I don’t disagree with anything you are saying: There is nothing in the propensity score estimation method itself that makes the results less prone to bias, compared to other methods
I should have been more specific, my point was rather that the specific implementation of propensity score matching which Rubin recommends in the paper I linked to, allows the investigator to blind themselves to the outcome while assessing whether they have been able to create balanced groups. It is possible that you can do something similar with other estimation methods, but I haven’t heard anyone talk much about it, and it is not immediately obvious to me how you would go about it
Thanks for the quick clarification! I guess I am not following you. If you want to blind yourself, you can just do it—you don’t need to modify the estimator in any way, just write the computer program implementing your estimator in such a way that you don’t see the answer. This issue seems to be completely orthogonal to both causal inference and estimation. (???)

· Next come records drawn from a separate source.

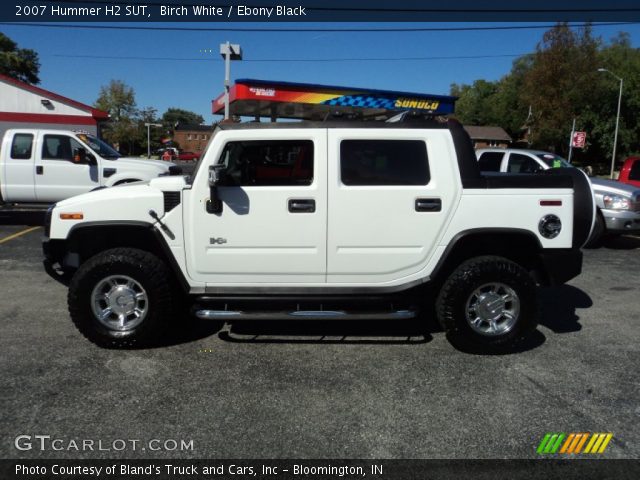 2007 Hummer H2 SUT in Birch White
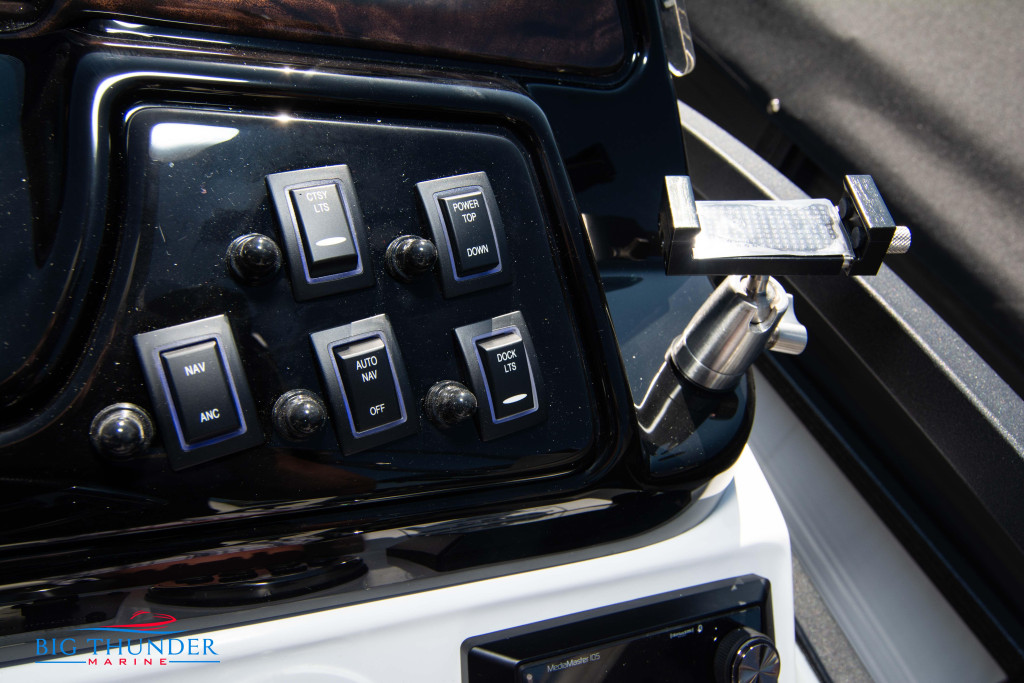 JC Tritoon SportToon 26 TT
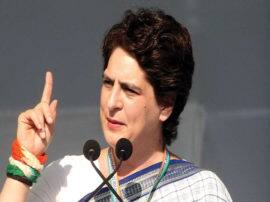 priyanka gandhi slams yogi government in uttar pradesh प्रियंका गांधी का योगी सरकार पर हमला, कहा- महिलाओं के खिलाफ कम नहीं हो रहे अपराध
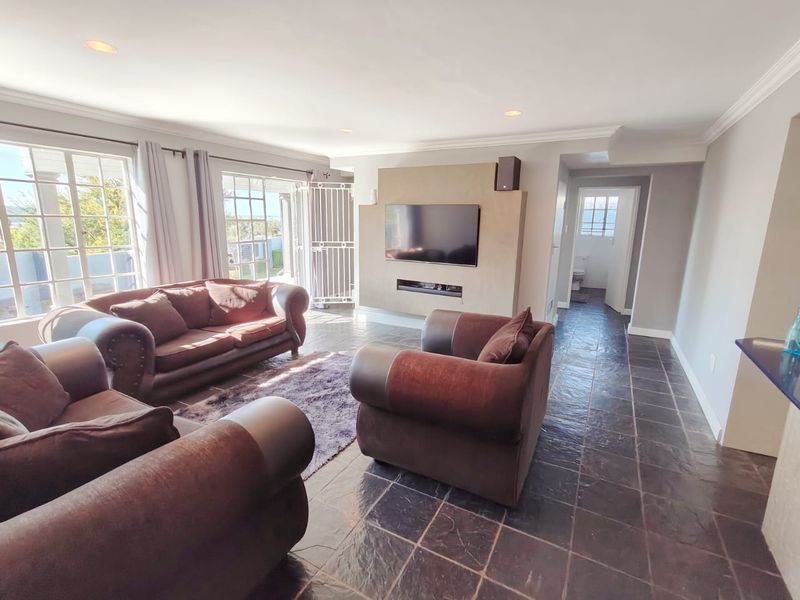 Charming 6-Bedroom Home in Tranquil Vaal Marina - Photo 10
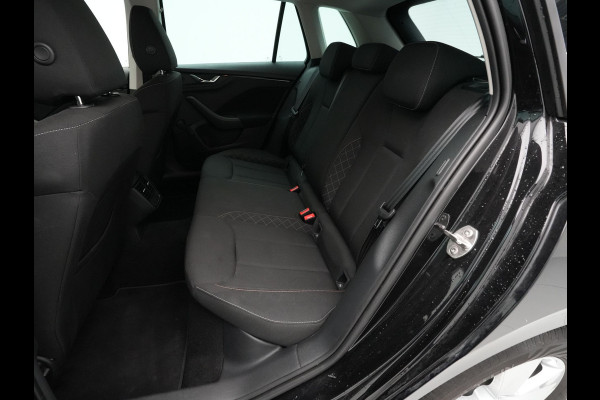 Škoda Kamiq 1.0 TSI 110pk Ambition Navi via app Cruise Pdc Lm velgen 300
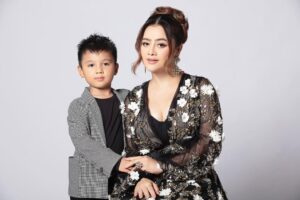 Aok Sokunkanha Instagram - រីករាយថ្ងៃកំណើតកូនមាសម្ដាយ🎂🥳🥳🥳 ឆ្នាំនេះកូនកាន់តែធំ Mommy និង Daddy កាន់តែរវល់ តែកូនក៏ត្រូវតែចម្រើនវ័យដោយសុខភាពល្អរឹងមាំ រស់នៅប្រកបដោយភាពជាអ្នកដឹកនាំ ដឹកនាំខ្លួនឯងដើរទៅដោយសេចក្ដីល្អ ឆ្លាតវៃ រៀនពូកែ 😘😘😘 
Love you so much my big boy 🥰🥰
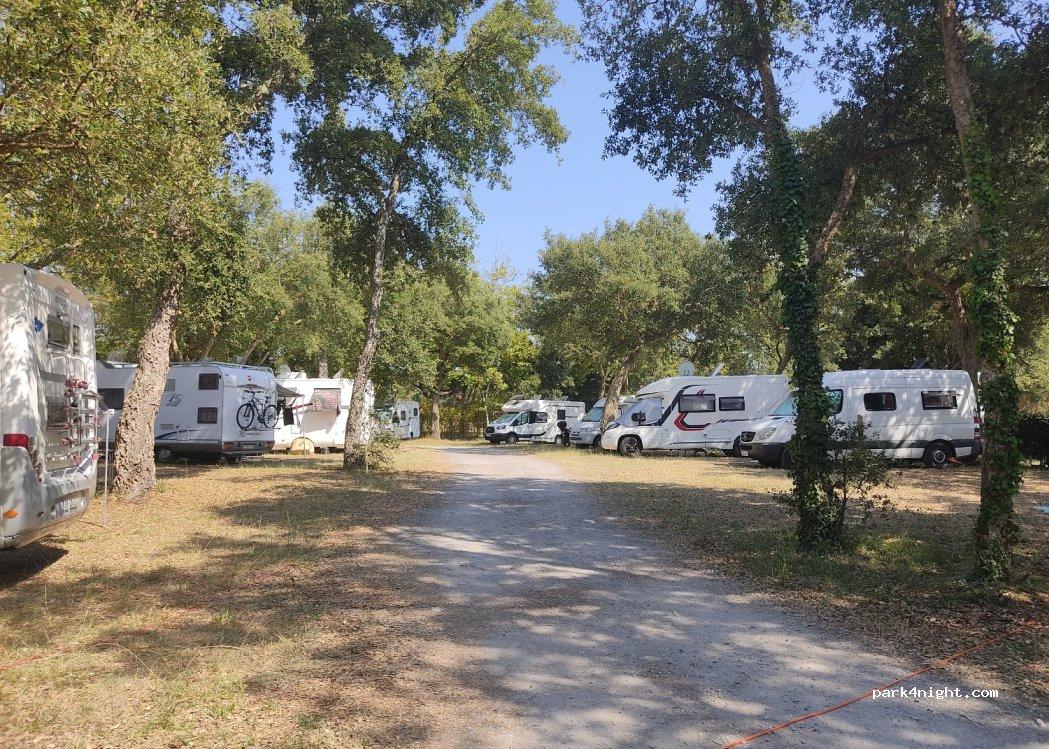 AIRE DE CAMPING-CARS MUNICIPALE DE MOLIETS-ET-MAA - Foto 7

If you use the propensity score matching method, you begin by estimating the propensity score, then you match on the propensity score to create exposed and unexposed groups within levels of the propensity score. After you create those groups, there is a step where you can look at the matched groups without the outcome data, and assess whether you have achieved balance on the baseline covariates. If I understand Rubin’s students correctly, they see this as a major advantage of the estimation method.
You can obviously blind yourself to the outcome using any estimation method, but I am not sure if there is a step in the process where you look at the data without the outcome to evaluate how confident you are in your work.
In order for the estimand of the propensity score method to be unbiased, the following is sufficient:
(a) SUTVA (this is untestable)
(b) Conditional ignorability (this is testable in principle, but only if we randomize the exposure A)
(c) The treatment assignment probability model (that is the model for p(A | C), where A is exposure and C is baseline covariates) must be correct.
It may be that the “balance property” tests a part of (b), but surely not all of it! That is, the arms might look balanced, but conditional ignorability might still not hold. We cannot test all the assumptions we need to draw causal conclusions from observational data using only observational data. Causal assumptions have to enter in somewhere!
I think I might be confused about why checking for balance without working out the effect is an advantage—but I will think about it, because I am not an expert on propensity score methods, so there is probably something I am missing.
I don’t disagree with anything you are saying: There is nothing in the propensity score estimation method itself that makes the results less prone to bias, compared to other methods
I should have been more specific, my point was rather that the specific implementation of propensity score matching which Rubin recommends in the paper I linked to, allows the investigator to blind themselves to the outcome while assessing whether they have been able to create balanced groups. It is possible that you can do something similar with other estimation methods, but I haven’t heard anyone talk much about it, and it is not immediately obvious to me how you would go about it
Thanks for the quick clarification! I guess I am not following you. If you want to blind yourself, you can just do it—you don’t need to modify the estimator in any way, just write the computer program implementing your estimator in such a way that you don’t see the answer. This issue seems to be completely orthogonal to both causal inference and estimation. (???)
Am I missing something?
If you use the propensity score matching method, you begin by estimating the propensity score, then you match on the propensity score to create exposed and unexposed groups within levels of the propensity score. After you create those groups, there is a step where you can look at the matched groups without the outcome data, and assess whether you have achieved balance on the baseline covariates. If I understand Rubin’s students correctly, they see this as a major advantage of the estimation method.
You can obviously blind yourself to the outcome using any estimation method, but I am not sure if there is a step in the process where you look at the data without the outcome to evaluate how confident you are in your work.
In order for the estimand of the propensity score method to be unbiased, the following is sufficient:
(a) SUTVA (this is untestable)
(b) Conditional ignorability (this is testable in principle, but only if we randomize the exposure A)
(c) The treatment assignment probability model (that is the model for p(A | C), where A is exposure and C is baseline covariates) must be correct.
It may be that the “balance property” tests a part of (b), but surely not all of it! That is, the arms might look balanced, but conditional ignorability might still not hold. We cannot test all the assumptions we need to draw causal conclusions from observational data using only observational data. Causal assumptions have to enter in somewhere!
I think I might be confused about why checking for balance without working out the effect is an advantage—but I will think about it, because I am not an expert on propensity score methods, so there is probably something I am missing.